Back in February, I wrote about WNYC’s radio program On the Media and its show on Facebook. That Death Ref post, subtly titled 19,000 Facebook Users Die Each Day. Here is How FB’s Memorialization Mode Works, discussed the current, nonstop discussions about what to do when web users (especially FB users, it seems) die.
The Death Reference Desk has been tracking most of the various suggested ways to maintain postmortem control over social media accounts, Facebook in particular, and you can read those posts here. You should also check out the Death + the Web and the Death + Technology sections.
For this week’s On the Media show, co-host Brooke Gladstone interviewed James Norris about his solution to the social media death problem, a platform called Deadsocial.
A couple of points.
Gladstone asked the most pressing question, which is this: How long lived is any new media solution to human death issues given how quickly computing technology changes?
Norris offers a couple of logical responses, mostly about how Deadsocial would adapt to any future social media platform and that doing so was only ethical.
I’m still skeptical that any of the various dead user related websites/programs will remain relevant into the future but I could be totally wrong. I say I’m skeptical because I know how much technology has changed when it comes to death, dying, and the dead body. Meg’s brilliant post on 19th Century Anti-Premature Burial Device Patents elegantly demonstrates how social concerns about different kinds of postmortem technological fixes radically shift over time.
In fact, I will suggest that most of the current, various dead user inventions, programs, and products are more or less 21st Century versions of 19th Century anti-premature burial devices. The thinking now isn’t so much that people need tools to prevent them from being buried alive (modern embalming and cremation solved that dilemma), rather now we need tools to make sure that we Humans can still exert some control over how our digital selves are buried.
In 50 years time, I fully expect that all of these social media concerns will have been forgotten. Or replaced with other, more pressing technology issues.
A second point about the interview. The Deadsocial system was described as a signaling program which checks on users and notifies other, predetermined people when a person isn’t responding to automated messages. A handful of other programs already do this, namely, Deathswitch. All of these programs are different in their own ways, so I’m not suggesting that any company is ripping anyone else off. What is more interesting, I think, is that these various companies keep inventing ways to notify next-of-kin or friends or all of the Facebook that someone has died.

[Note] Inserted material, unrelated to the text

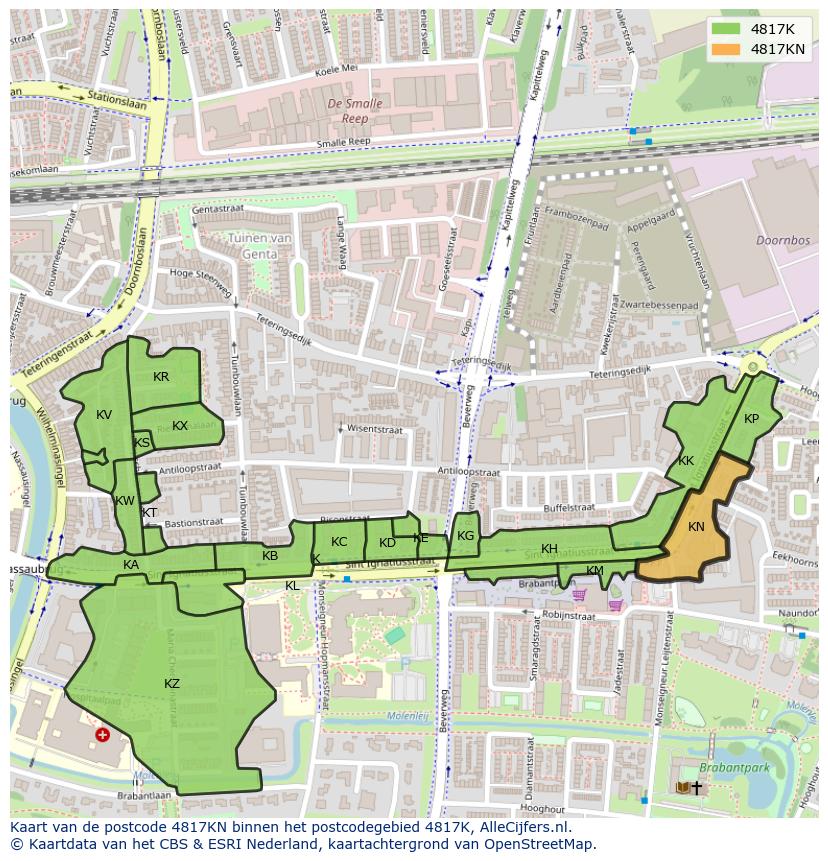 Afbeelding van het postcodegebied 4817 KN op de kaart.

This was also one of the telegraph’s key uses, from the start. A long forgotten but extremely important social communication technology.

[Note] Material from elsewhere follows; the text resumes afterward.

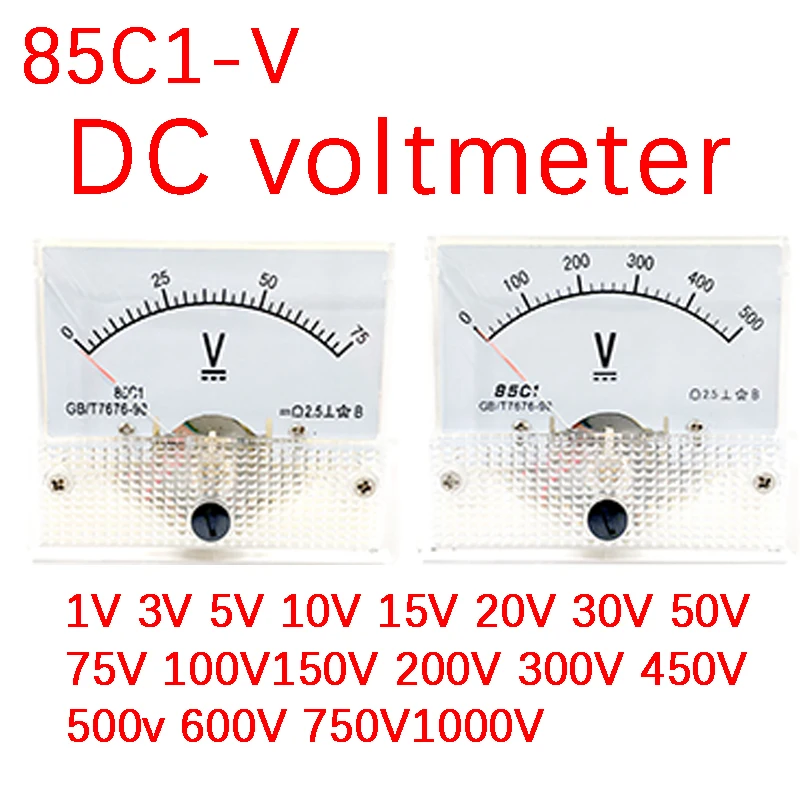 One stop shopping 85C1 85C1-V DC Analog Panel Voltmeter Ammeter Amp Volt Meter Gauge 1-500V/ V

My point is this — we should continue to have these conversations about what happens to computer information when people die but we should also realize that these conversations are finite.

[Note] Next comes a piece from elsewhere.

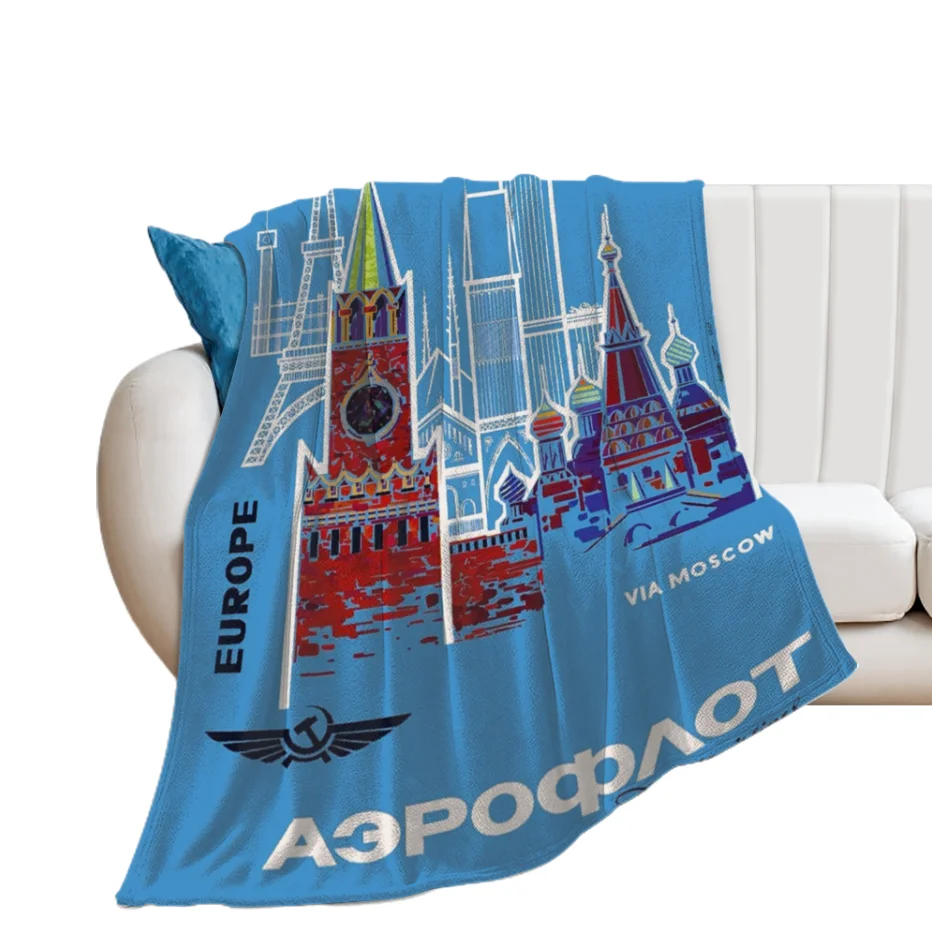 Одеяло авиационного русского пилота Aeroflot пушистое теплое одеяло для зимы мягкое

I actually found another section of the same On the Media episode far more compelling as it regards the dead user conundrum. The interview focused on something called the Archive Team:
Most of us think nothing of putting our lives in the cloud; photos in Flickr, videos on YouTube, most everything on Facebook. But what about when those services abruptly go away, taking all of our collective contributions with them? Well Jason Scott operates on the assumption that everything online will one day disappear. He explains to Bob why he and the Archive Team are dedicated to saving user-generated content for posterity.
At least the Achive Team understands the rapidly increasing ephemerality of web based information. Indeed, the Archive Team’s motto says it all: History is Our Future.
More than likely, we will need future Archive Teams of all kinds that simply try to understand why some early 21st Century humans became so obsessed with preserving their technological, social media selves. It will all seem to peculiar and strange.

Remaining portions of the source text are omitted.